1920’s Box Car Children – off grid, tiny house, teamwork and community involved – we’ve come full circle. I loved the series when I was a child.
It’s funny, as a kid the first Boxcar Children book I read was definitely not the first one in the series. I read most of the series out of order, just grabbing whatever books I could find at my library. Then one birthday I got a boxed set of the first twenty or so books, and read them in order for the first time. I remember being so perplexed by how different the first book was!
Why did I think this series was about mystery-solving homeless kids
My mom loved those books as a kid and introduced them to me as a child too. I loved them, but I also remember rereading the first one sooo many times. I was entranced with the idea of the kids’ little boxcar home and how they made do living in the woods on the edge of town. It seemed magical.

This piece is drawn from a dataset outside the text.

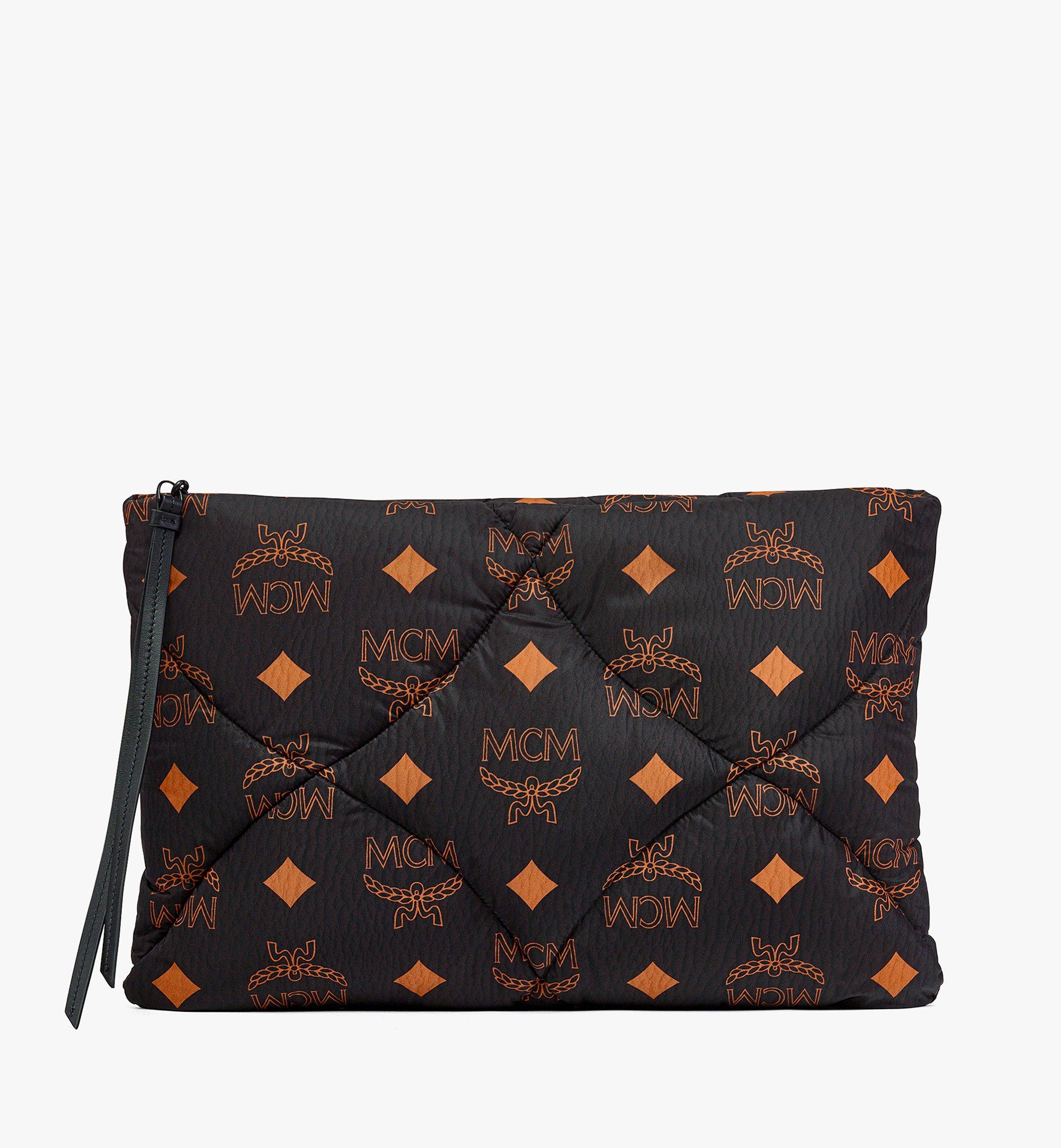 MCM Aren キルティング ポーチ - マキシモノグラムナイロン Black MYZDATA07BK001 ほかの角度から見る 1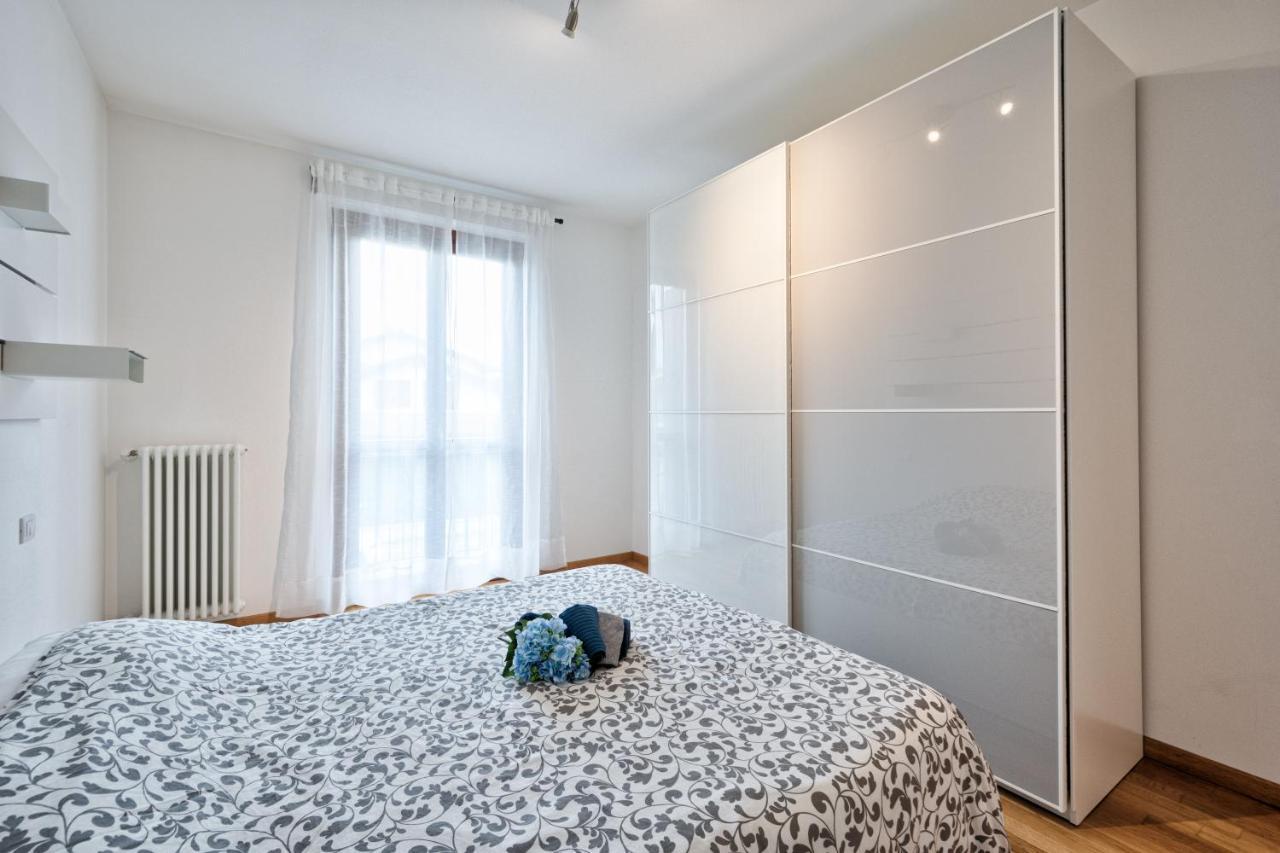 Casa Alessandro Con Piscina Lago Di Garda Salionze Kültér fotó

I still am not over how that ate bread and milk like cereal
welcome to the bizarre times of the Hardy boys, Tom Swift, Tom Swift Jr, and Nancy Drew.
I still want to get a cracked pink cup tattoo
Mid-20th century America was a well known crime wasteland. Feckless police not doing their jobs.
That is why the youth had to do their own Policing. Leaders like Nancy Drew, Hardy Boys, and eventually Boxcar Children paved the way for a more decent and kind society.
The Overdue podcast does an [episode on the Boxcar Children](https://overduepodcast.com/episodes/2021/9/20/ep-494-the-boxcar-children-by-gertrude-chandler-warner) that addresses the switch (and is hilarious).
If you think that’s bad, you should check out what happens in the Tarzan sequels
Now that I’m a mom I side eye Grandfather. He didn’t have a relationship with his grandkids because he “didn’t like” their mother?
I love stories where children are basically on their own because all the adults in their lives are dead, incompetent, or dangerous. I loved them as a kid and I still do.
Anyone else also remember Dicey’s Song and that series of books? Dicey was a preteen or young teen if I recall correctly, and she had a couple of younger siblings to take care of. They went on a long walk together, hiding from adults and pretending not to be on their own.